Lightening up after the holidays — marinated, pressed grilled chicken with a zesty tomatillo sauce over quinoa and vegetables. Low in calories, big on flavor.
This quick tomatillo sauce is blistered in a hot pan and then pureed—leave it chunky or blend it smooth. Tomatillos bring a faint tart, lemon-like note that brightens the dish.

The holidays are over, and it’s time to return to everyday meals that are both nutritious and satisfying.

I love this method for chicken: marinate boneless breasts, then cook them in a grill pan with a weight on top—a cast iron skillet works perfectly—to create succulent, restaurant-quality pressed chicken.

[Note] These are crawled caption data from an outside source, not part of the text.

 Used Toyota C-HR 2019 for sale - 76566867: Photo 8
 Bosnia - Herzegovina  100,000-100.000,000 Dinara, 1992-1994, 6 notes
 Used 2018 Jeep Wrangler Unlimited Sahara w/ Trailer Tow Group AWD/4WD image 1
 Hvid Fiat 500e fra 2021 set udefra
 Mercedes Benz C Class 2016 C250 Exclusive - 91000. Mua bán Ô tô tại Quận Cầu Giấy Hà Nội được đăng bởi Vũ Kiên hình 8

Tomatillos are a nightshade fruit wrapped in a papery husk and resemble small tomatoes. Once considered exotic, they’re now commonly found in many supermarkets. When shopping, choose firm tomatillos and, if possible, buy from a market with high turnover. I like the darker green fruits; they usually have the ripest, most vibrant flavor.

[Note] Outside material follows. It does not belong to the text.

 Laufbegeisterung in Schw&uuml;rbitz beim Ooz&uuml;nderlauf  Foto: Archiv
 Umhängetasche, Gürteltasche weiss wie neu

Although tomatillos look like tomatoes, they contain different antioxidants—particularly withanolides—and they provide dietary fiber that supports digestive health. Each tomatillo is low in calories, so this sauce is full of flavor without adding much to the waistline.





This meal pairs bright, tangy tomatillo sauce with simply seasoned, pressed grilled chicken and a bed of quinoa and roasted vegetables. It’s fast to prepare, nutrient-dense, and satisfying without being heavy—ideal for settling back into healthy routines after holiday indulgence.